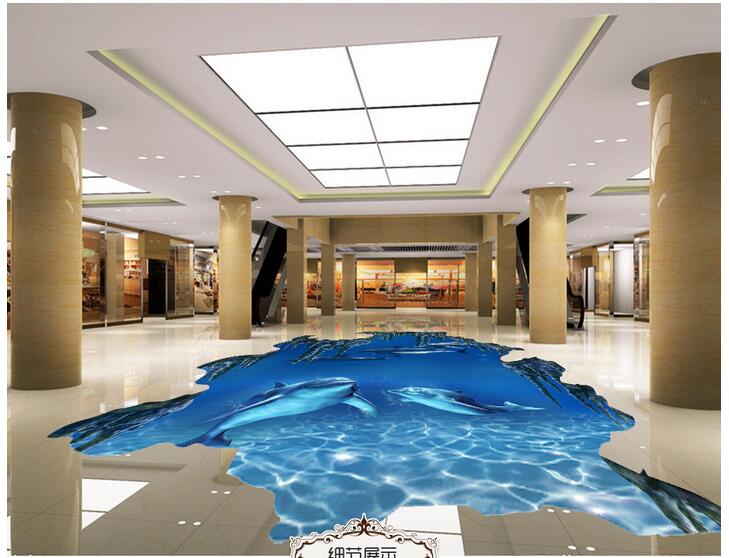 3d pvc flooring custom photo Self-adhesive wall paper floor Underwater world dolphin shark home decor 3d wall murals wallpaper for walls 3 d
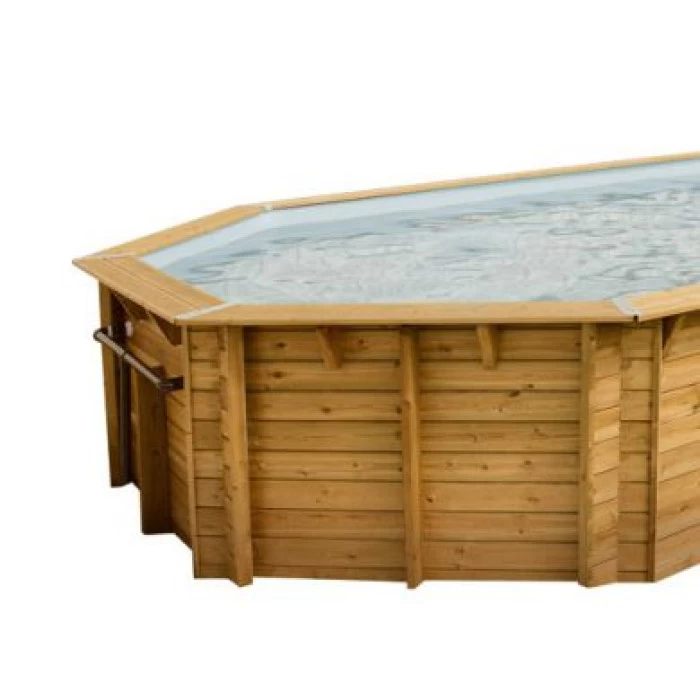Piscine En Bois Octogonale Ubbink Océa 5,10 X 1,20 M - Liner Gris 4 Piscine En Bois Octogonale Ubbink Océa 5,10 X 1,20 M - Liner Gris – Image 2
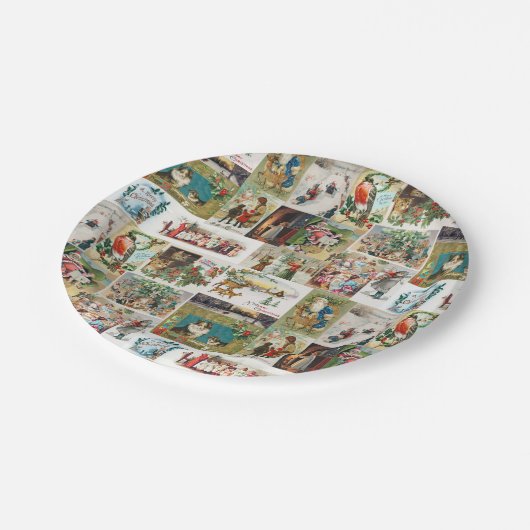 Antiek kerstfeestdagen papieren bordje (Gekanteld)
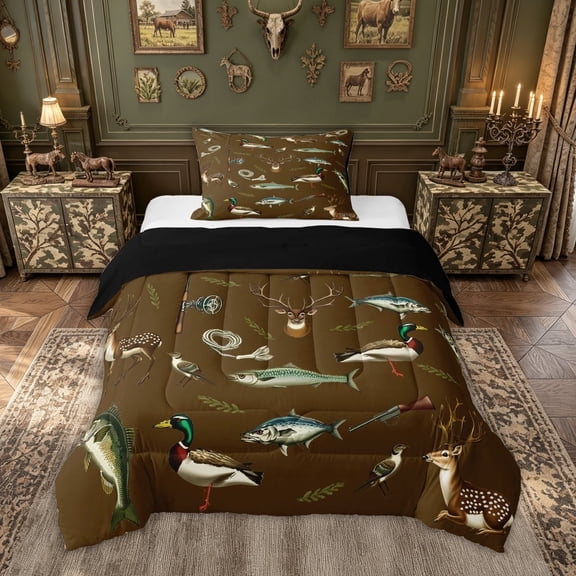meiyoeat Camouflage Fishing Twin Comforter Sets for Men Adults, Retro Deer Duck Bass Camping Wildlife Bedding Set, Brown, Black Reversible, 2-Piece, 1 Comforter and 1 Pillowcase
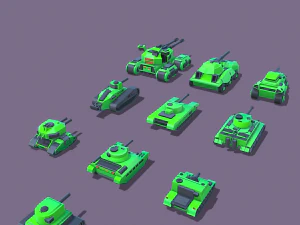 stylized tanks pack low-poly 3D Model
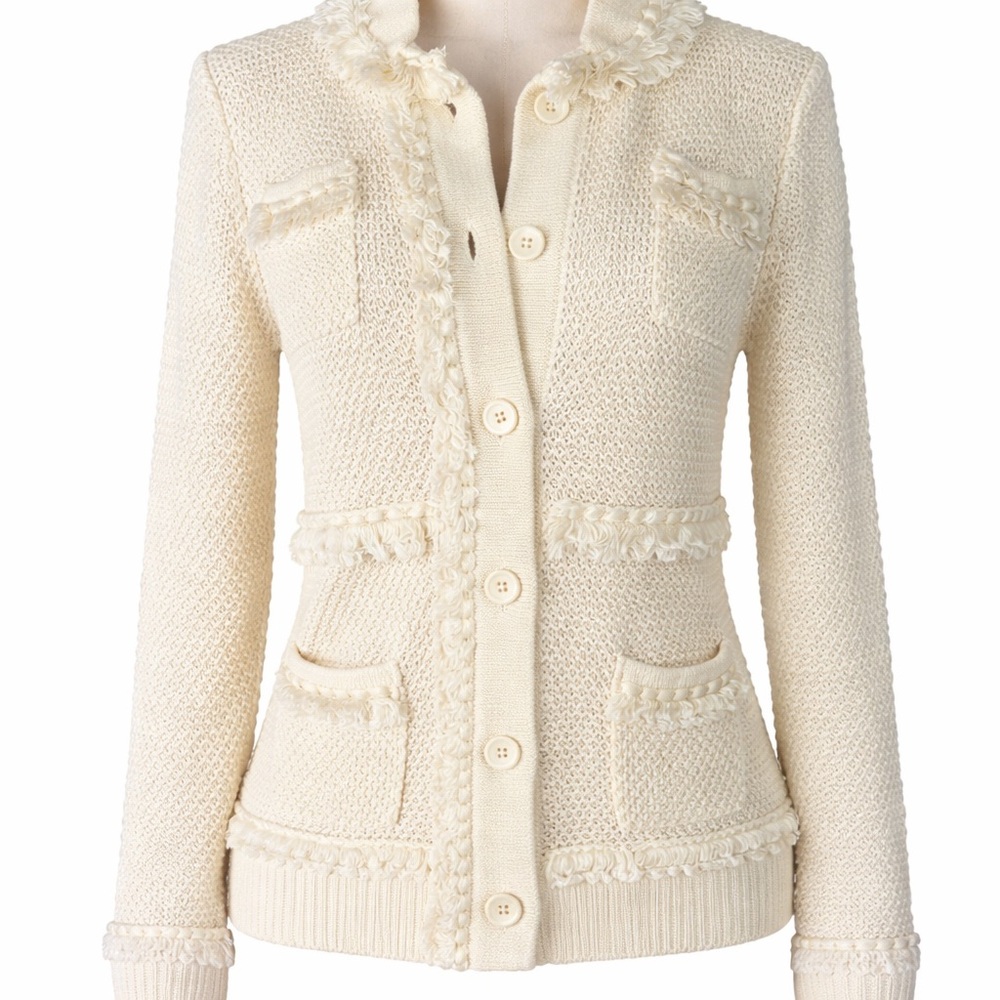 Coastal Grandma Fisherman Chunky Knit Cardigan - Cream Ivory M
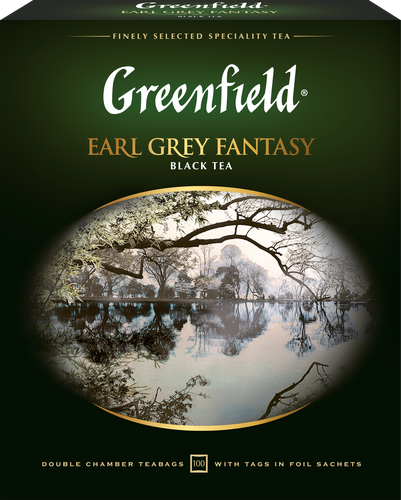 

Чай черный Greenfield Earl Grey Fantasy с ароматом бергамота в пакетиках 100 шт 200 г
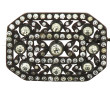 Broche plaque en métal et strass, début 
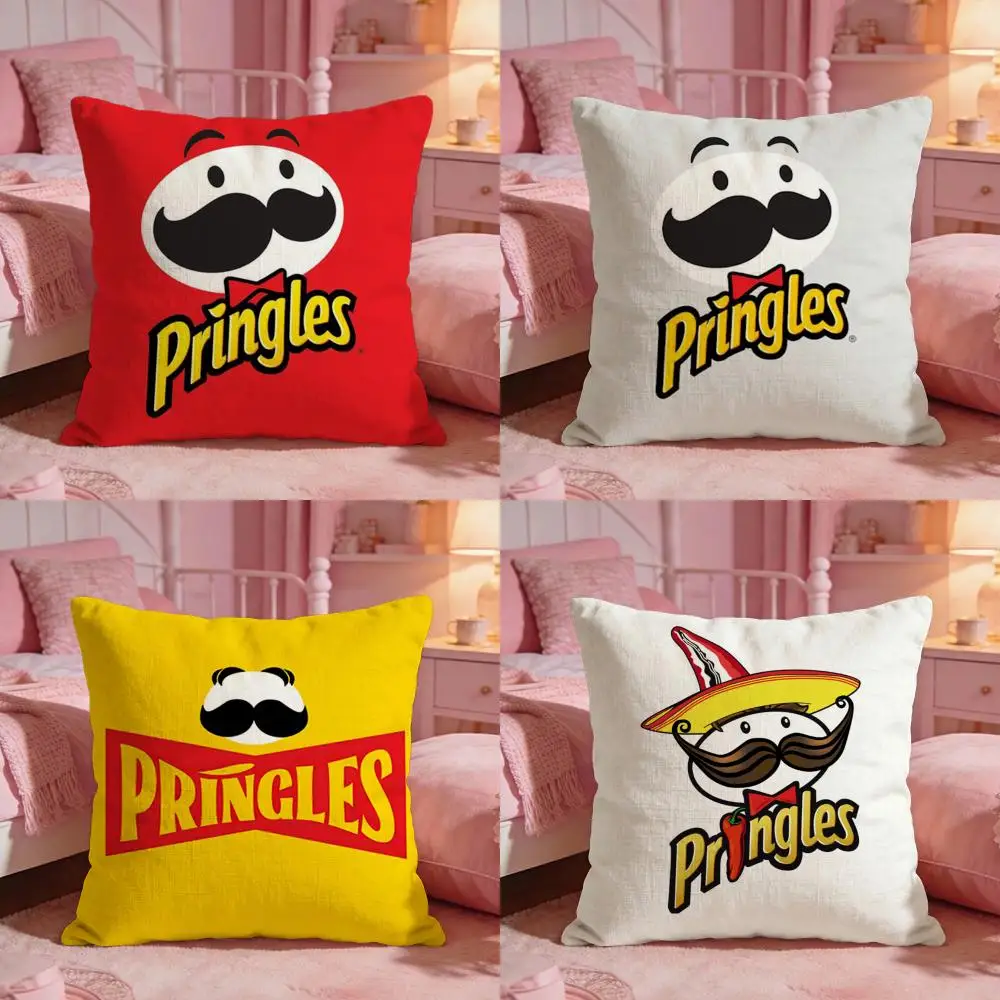 Snack P-Pringles Cushion Cover Premium Comfort Reversible Pillow Cove -Two in One Design for Any Room & Car Interior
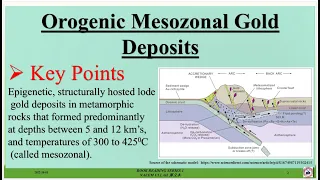 Key Points Orogenic Mesozonal Gold Deposits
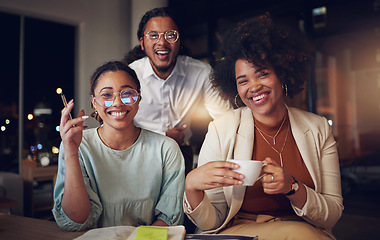 Image showing Coffee, office portrait and business people at night in startup company with work idea and relax. African people and staff with drink and smile with creative work ideas and employee with planning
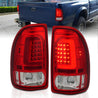 ANZO 1997-2004 Dodge Dakota LED Taillights Chrome Housing Red Lens Pair ANZO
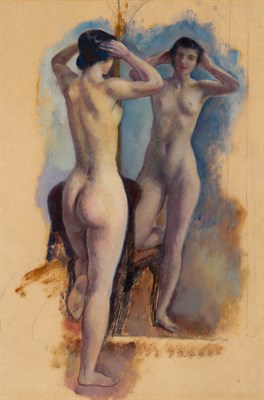 Lot 55 - Leon Kroll American, 1884-1974 Nude before a...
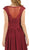 Poly USA - Cap Sleeve Embroidered Illusion Chiffon Gown 8254 - 1 pc Burgundy In Size S Available CCSALE S / Burgundy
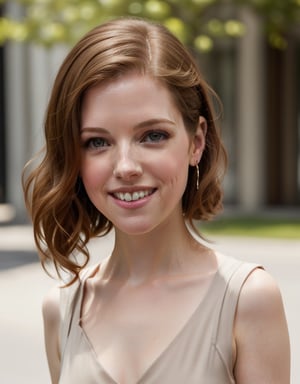 Anna Kendrick's whimsical smile brightens up a sunny afternoon as she gazes directly into the camera, her curly brown locks tied back in a sleek ponytail, framing her heart-shaped face. Soft focus and warm natural light accentuate her radiant complexion, with a subtle gradient of shadows adding depth to her features.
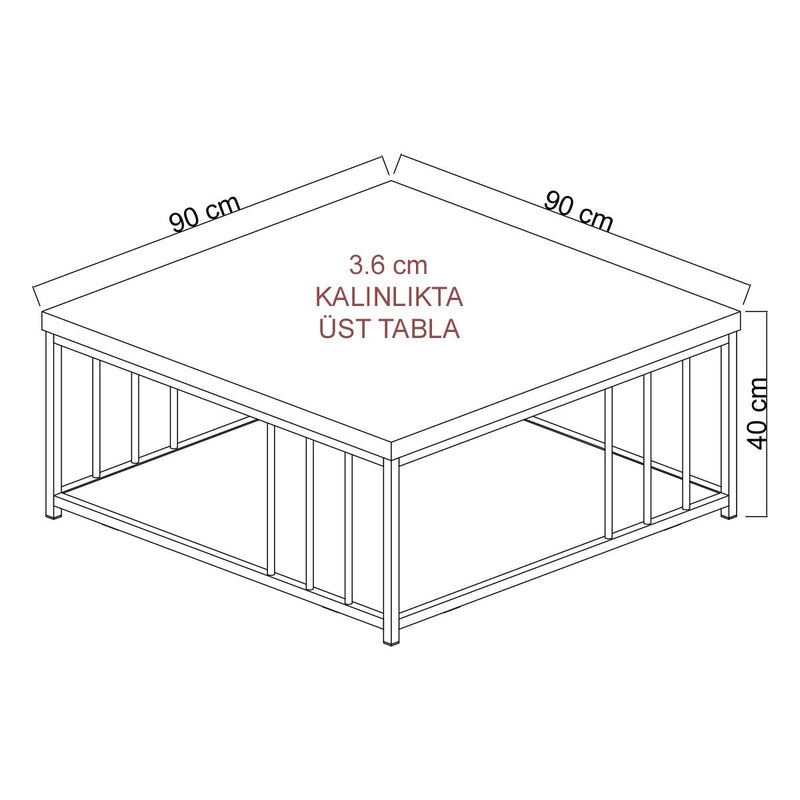 Tavolino da cafè quadrato in legno antracite struttura in metallo cm 90x90x40h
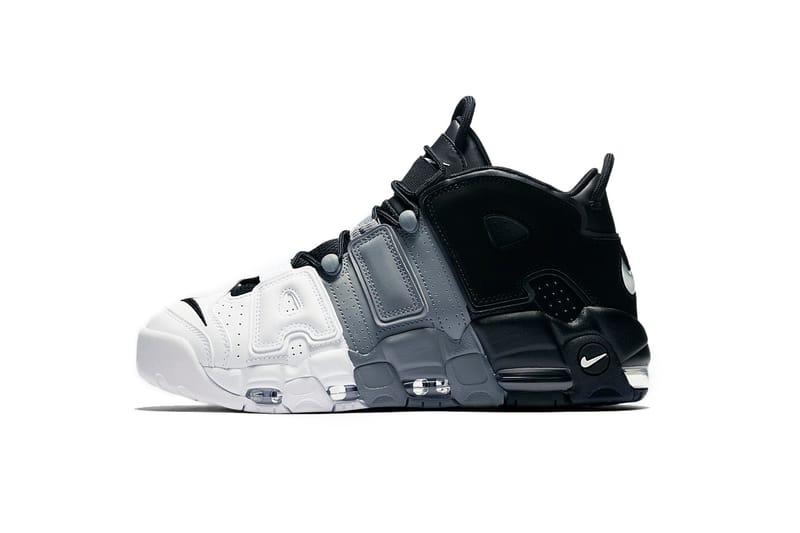 Black grey and on sale white air uptempo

• DIRECTIONS
Only the lines from where the data begins to the line with "Gris – Image 2", both of them included, should be reproduced word for word; no pictures.

• THE ANSWER
 3d pvc flooring custom photo Self-adhesive wall paper floor Underwater world dolphin shark home decor 3d wall murals wallpaper for walls 3 d
Piscine En Bois Octogonale Ubbink Océa 5,10 X 1,20 M - Liner Gris 4 Piscine En Bois Octogonale Ubbink Océa 5,10 X 1,20 M - Liner Gris – Image 2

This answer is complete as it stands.